Clausius’ challenge with the sign on Q was best reflected by the fact that he started with one convention in his Fourth Memoir and then changed to the correct convention in his Ninth, writing, “[In my Fourth Memoir] a thermal element given up by a changing body to a reservoir of heat is reckoned positive, an element withdrawn from a reservoir is reckoned negative… In the present memoir, however, a quantity of heat absorbed by a changing body is positive, and a quantity given off by it is negative.” [2]  In reading this one senses that he viewed the reservoir and the working substance differently and the heat that passed between them as an entity that existed on its own, with its own identity and sign, depending on which direction it was moving in. In this context, the decision about the sign seemed arbitrary. But he had to make this decision and so turned to a deeply held belief.

Consider Clausius’ leading paragraph to his famed final statement of his Ninth Memoir and note my bold italics:

“… all transformations occurring in nature may take place in a certain direction, which I have assumed as positive…  The application of this theorem to the Universe leads to a conclusion to which W. Thomson first drew attention, and of which I have spoke in the 8^th Memoir…. The entire condition of the universe must always continue to change in [a positive] direction.” [3]

Clausius believed that nature allowed certain transformations and built up his logic accordingly. He believed that heat flowed naturally from hot to cold, and not from cold to hot. So when he considered the equation in the lower right of the above illustration, he hypothesized that thermal conduction was a natural occurrence and so must represent a positive transformation, which meant that Q_H had to be negative for the equation to yield a positive number, which meant that the change in entropy had to be positive. In short, the natural tendency of entropy was to increase.

This logical construct was a hypothesis built on an emotional feeling that what happens in nature, e.g., conduction from hot to cold, must be positive.

But what happens to the entropy of an isolated body?
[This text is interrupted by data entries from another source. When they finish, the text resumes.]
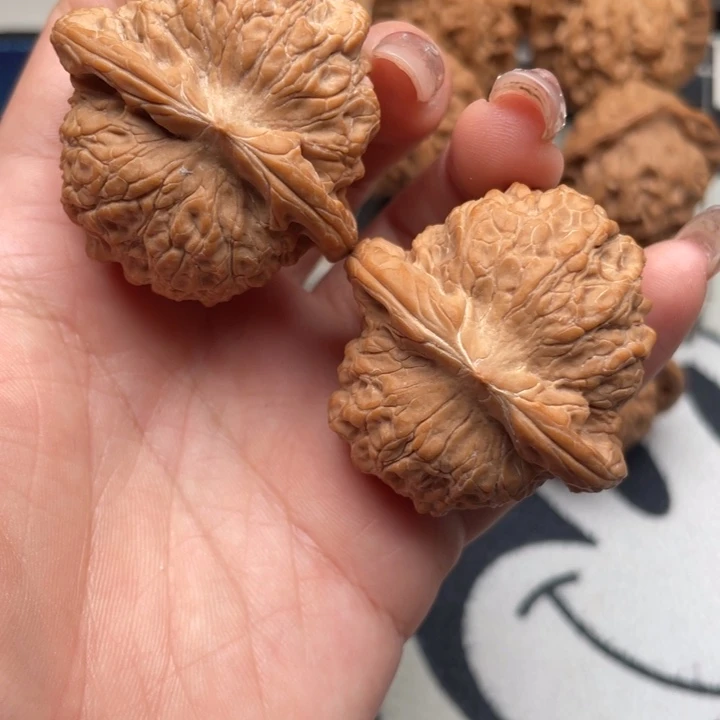 文玩核桃把件果***爱血麒麟41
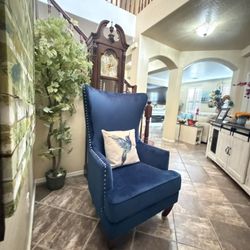 Beautiful Blue Velvet Wingback Chair In Excellent Condition 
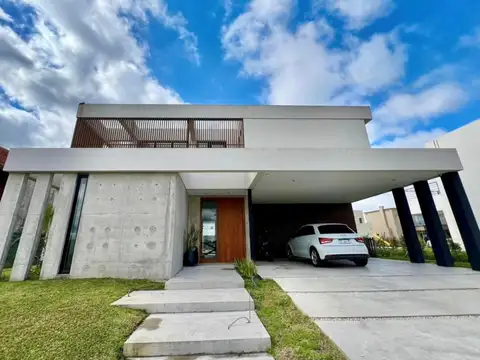 Casa  en Venta en Riberas, Puertos, Escobar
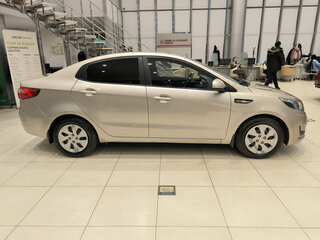2013 Kia Rio III, бежевый, 630000 рублей, вид 4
Clausius’ hypothesis that the change in entropy of the universe is positive held no substantive backing.  It was an intuition based largely on an assumption involving the conduction of heat.  We don’t really know what’s happening in the universe, but we do know that when two bodies meet and exchange energy due to the presence of gradients, the entropy of the equilibrated combined system is greater than the sum of the entropies of the two initial bodies.  It was this thinking that Gibbs and others picked up on and developed further, extending this beyond thermal gradients to include all forms of energy gradients. 

It’s interesting to me that Clausius himself did not really grasp the application of entropy to a given isolated body.  To him, the universe was comprised of a series of on-going transformations, the net of which, quantified by a change in entropy, was positive.  But the relevance of this logic to a closed system comprised of gradients didn’t seem to attract his attention.  In fact, once stated, it didn’t appear that Clausius saw any further use for entropy.  But fortunately, Gibbs did, to great effect.  Gibbs realized that one could consider a given non-equilibrated system to be comprised of component parts, each equilibrated internally and thus characterized by its own state properties such as U and S but none equilibrated with the others.  He also realized based on Clausius’ work and also Thomson’s that that transformations and dissipations would eventually cause the gradients—mechanical, thermal, chemical—to disappear or (per Thomson) “dissipate” and that the final fully equilibrated system would have an entropy greater than or equal to the sum of the components’ initial entropies.  Gibbs deeply understood the implications of what Clausius discovered much more so than Clausius himself did.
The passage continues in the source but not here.